I'll stick with 48k 24bit for now...and since my mastering engineer seems to use analog stuff, sample rate conversion is ZERO problem
 
SouthSIDE Glen said:
DACs do NOT connect the dots or smooth out staircases created by intrinsic digital values. Instead, those individual values are converted to analog values, and those values are then run through a cascade of bandpass filters to seperate them into their constituant analog wavelets. Then they are run through some Nyquist-related mathematical functions that reconstruct the original analog waveform. Using this proven method, even only two samples can be reconstructed into a full wavecycle at 20kHz, 4 samples at 10kHz, etc.

Read that Lavry article that Farview referenced a couple of posts ago, and pay attention to the medthods used for creating the waveforms - namely the summing of constituant wavelets - to get a flavor for how Nyquist and DAC actually works.

As far as all those different converter types mentioned in WikiWorld, I believe those are referring to the conversion of the original digital value into the raw analog voltage *before* Nyquist waveform reconstruction takes place.

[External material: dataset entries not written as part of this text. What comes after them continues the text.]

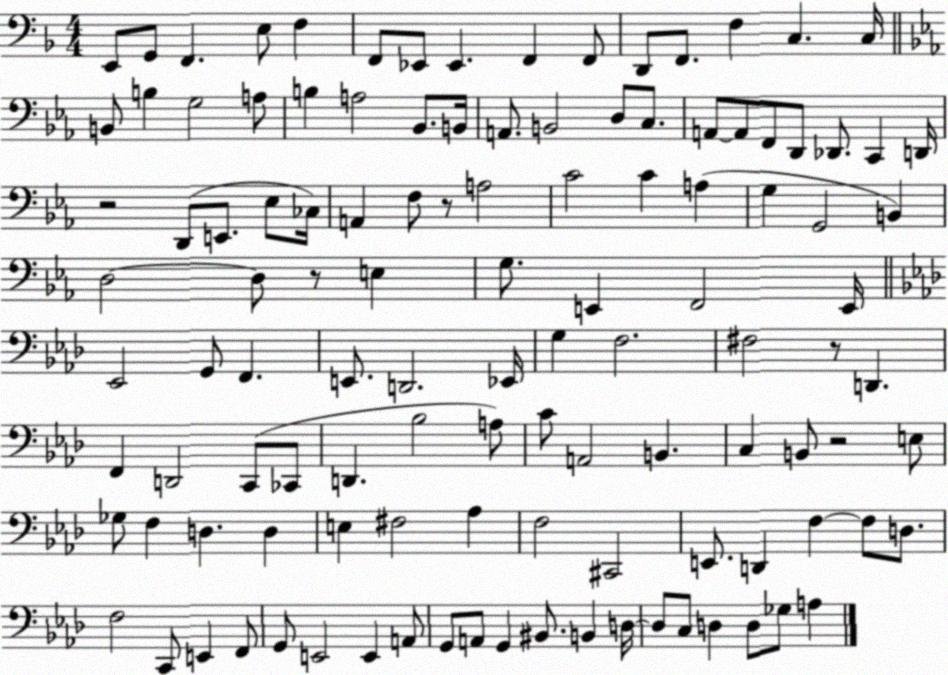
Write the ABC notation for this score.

X:1
T:Untitled
M:4/4
L:1/4
K:F
E,,/2 G,,/2 F,, E,/2 F, F,,/2 _E,,/2 _E,, F,, F,,/2 D,,/2 F,,/2 F, C, C,/4 B,,/2 B, G,2 A,/2 B, A,2 _B,,/2 B,,/4 A,,/2 B,,2 D,/2 C,/2 A,,/2 A,,/2 F,,/2 D,,/2 _D,,/2 C,, D,,/4 z2 D,,/2 E,,/2 _E,/2 _C,/4 A,, F,/2 z/2 A,2 C2 C A, G, G,,2 B,, D,2 D,/2 z/2 E, G,/2 E,, F,,2 E,,/4 _E,,2 G,,/2 F,, E,,/2 D,,2 _E,,/4 G, F,2 ^F,2 z/2 D,, F,, D,,2 C,,/2 _C,,/2 D,, _B,2 A,/2 C/2 A,,2 B,, C, B,,/2 z2 E,/2 _G,/2 F, D, D, E, ^F,2 _A, F,2 ^C,,2 E,,/2 D,, F, F,/2 D,/2 F,2 C,,/2 E,, F,,/2 G,,/2 E,,2 E,, A,,/2 G,,/2 A,,/2 G,, ^B,,/2 B,, D,/4 D,/2 C,/2 D, D,/2 _G,/2 A,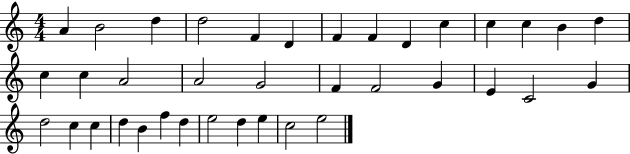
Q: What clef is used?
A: treble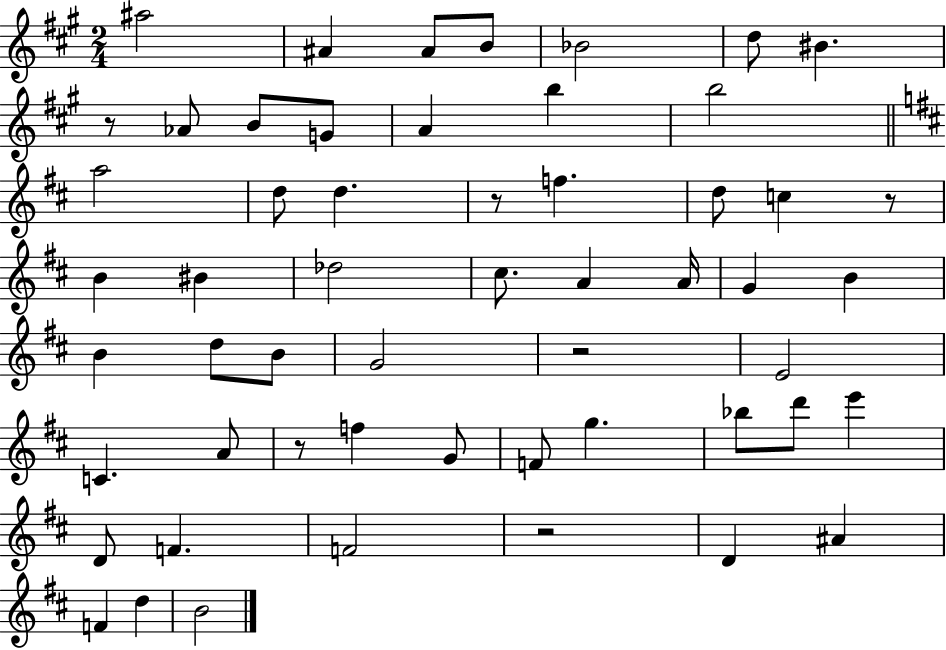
{
  \clef treble
  \numericTimeSignature
  \time 2/4
  \key a \major
  ais''2 | ais'4 ais'8 b'8 | bes'2 | d''8 bis'4. | \break r8 aes'8 b'8 g'8 | a'4 b''4 | b''2 | \bar "||" \break \key b \minor a''2 | d''8 d''4. | r8 f''4. | d''8 c''4 r8 | \break b'4 bis'4 | des''2 | cis''8. a'4 a'16 | g'4 b'4 | \break b'4 d''8 b'8 | g'2 | r2 | e'2 | \break c'4. a'8 | r8 f''4 g'8 | f'8 g''4. | bes''8 d'''8 e'''4 | \break d'8 f'4. | f'2 | r2 | d'4 ais'4 | \break f'4 d''4 | b'2 | \bar "|."
}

There are several different types of DACs, and Wikipedia describes the more common varieties. I can't imagine what wavelets could possibly have to do with DA conversion. Wavelets are a means of decomposing an already digital signal into multiple digital signals for the purpose of compression or spectral analysis.

BTW, Lavry appears to agree with me that 48 kHz is less than ideal. From page 27 of that article: "Sampling audio signals at 192KHz is about 3 times faster than the optimal rate." Notice that number was "3", not "4". That means that he thinks the ideal sampling rate is about 64 kHz. He and I are in complete agreement in that regard.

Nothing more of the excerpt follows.